As 2003 draws to a close, it’s time for me to reflect on all of the great books I did not read this year. This has been a particularly good year for not reading books. I would go so far as to say that there are more books I did not read this year than in any year in the recent past. Although a significant part of my job consists in sitting somewhere and reading something, I have still managed to find the time not to read a very wide range of material from many different fields. In special cases, I have bought the book and then not read it. Mostly, though, I did not get around to even doing that. I thought I would present my ten favorite nonfiction books I did not read this year. I hope that they will not deepen your knowledge or broaden your mind in 2004, as they didn’t with me.

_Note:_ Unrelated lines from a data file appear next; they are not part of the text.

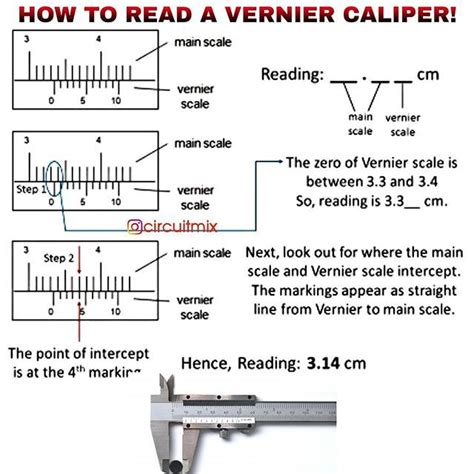 🔴 Vernier caliper reading method (note: it's 3.34 cm) 😀 Tag your friends to remind them ...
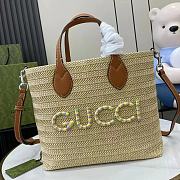 Okify Gucci Straw Effect Tote 35x25x10cm - 1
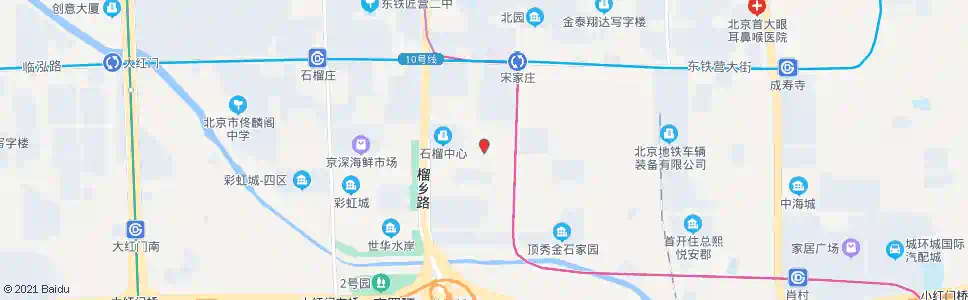 北京双庙西_公交站地图_北京公交_妙搜公交查询2025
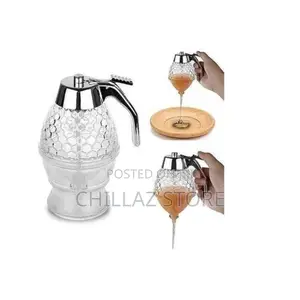 Honey Glass Dispenser.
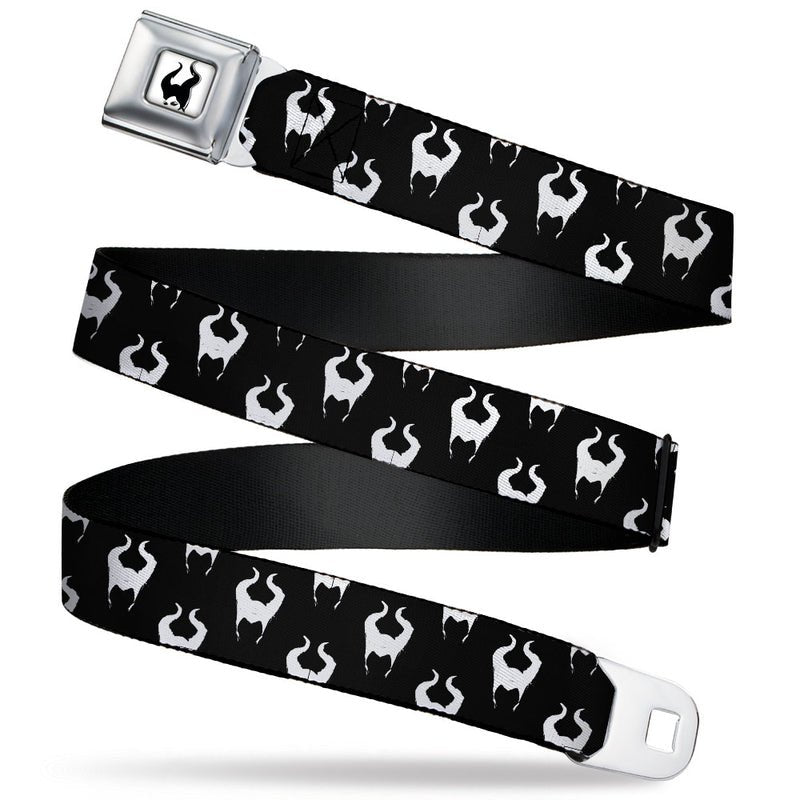 Disney Maleficents Horns Silhouette Black White Seatbelt Belt - Fundom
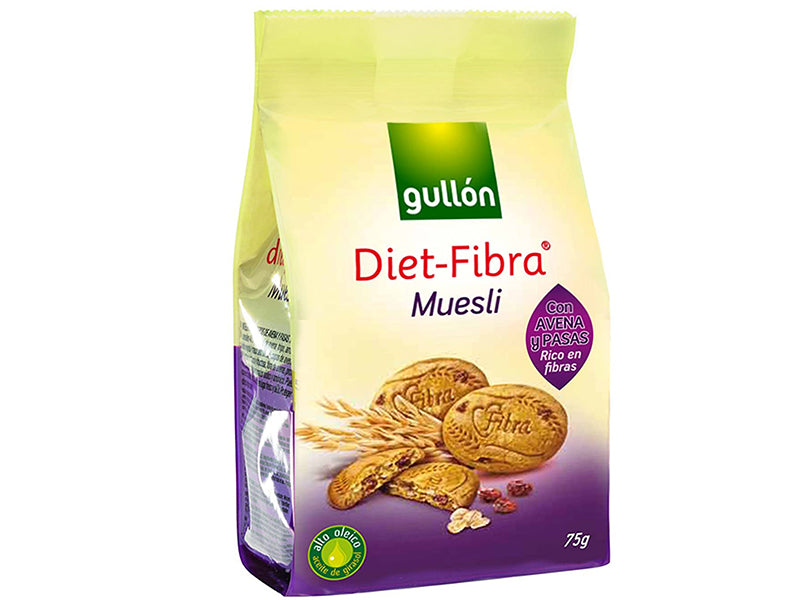 Gullon biscuiti Diet Fibra Muesli 75g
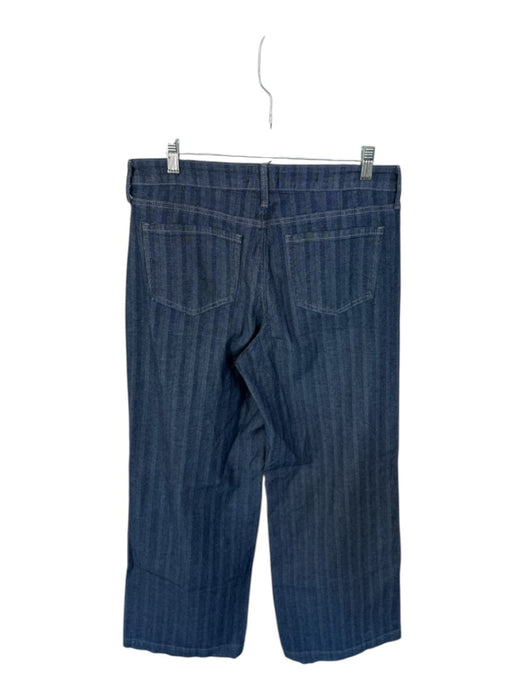 NYDJ Size 6 Dark Wash Cotton Blend Mid Rise Wide Leg Textured Jeans Dark Wash / 6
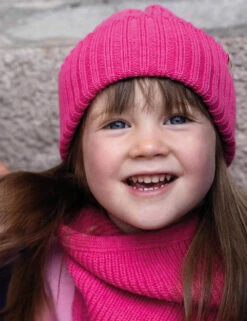 Oh Chapo Bio Beanie MiniMe Merino In Flamingo Pink Gr. S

Here they are, in the order I did not read them:
1. Heat Wave: A social autopsy of disaster in Chicago by Eric Klinenberg. This book tops my list mainly because Chris asked me to review it last year for his journal. I even brought it with me when I moved to Australia. I haven’t read it, though. (I should add that I haven’t reviewed it, either.)
2. One Hundred Years of Socialism: The West European Left in the Twentieth Century by Donald Sassoon. After seeing Sassoon’s excellent interview with Karl Marx earlier this year, I immediately wanted to not read this book.
3. The House of Rothschild: Money’s Prophets, 1798-1848 by Niall Ferguson. I have been not reading Ferguson since before he was a celebrity academic. This book has been on my “Must Not Read” list for several years now, and looks to set stay there for some time.
4. Kantian Humility: Our ignorance of things in themselves by Rae Langton. I got to know Rae when she was visiting the RSSS this year and she used an example I gave her in one of her talks, so I really should get around to reading her book. A creative and enlightening interpretation of one of the most difficult of philosophers, Kantian Humility is the kind of book I would really learn something from, assuming I read it sometime.
5. John Maynard Keynes: Fighting for Freedom, 1937-1946 by Robert Skidelsky. Skidelsky has been writing his magesterial biography of Keynes for many years, so much so that he is now Lord Skidelsky. I have been not reading it for almost as long, though without being elevated to the peerage. This superb three-volume study will likely be displaced by an abridged one-volume edition due out soon, which will be shorter and therefore easier to not read. (On reflection, it is a nice question whether shorter books are easier or harder to not read than longer books.)
6. Game Theory Evolving by Herbert Gintis. A comprehensive and elegantly presented introduction to game theory that takes a problem-centered approach requiring only basic calculus—“This book is perfect for upper undergraduate and graduate economics courses as well as a terrific introduction for ambitious do-it-yourselfers throughout the behavioral sciences.” Its place on this list is therefore assured for the indefinite future.
7. Upheavals of Thought by Martha Nussbaum. A remarkable book about thought and the emotions which looks set to join Charles Taylor’s Sources of the Self somewhere in my bedroom. Maybe it fell behind the dresser.
8. The Five People You Meet In Heaven by Mitch Albom. Actually I’m quite happy not to have read this one.
9. Athenian Democracy by A.H.M. Jones. I picked up a copy of this in Melbourne and read two of the essays, so you may think it doesn’t qualify. But the book—a marvel of compact, lucid prose and judicious use of the sources, by a mid-20th century giant in the field—deserves its place here. It is so well-written and approachable that you can read pages and pages of careful commentary on the social structure of Athenian society before remembering that you have no real idea who any of the historical figures are, what the relevant sequence of events is, or which century is presently under discussion. Athenian Democracy is that rare sort of book, in other words, which you can have read and still effectively not have read at all.
10. The Social System by Talcott Parsons. Don’t tell anyone. (But let he who is without sin, etc.)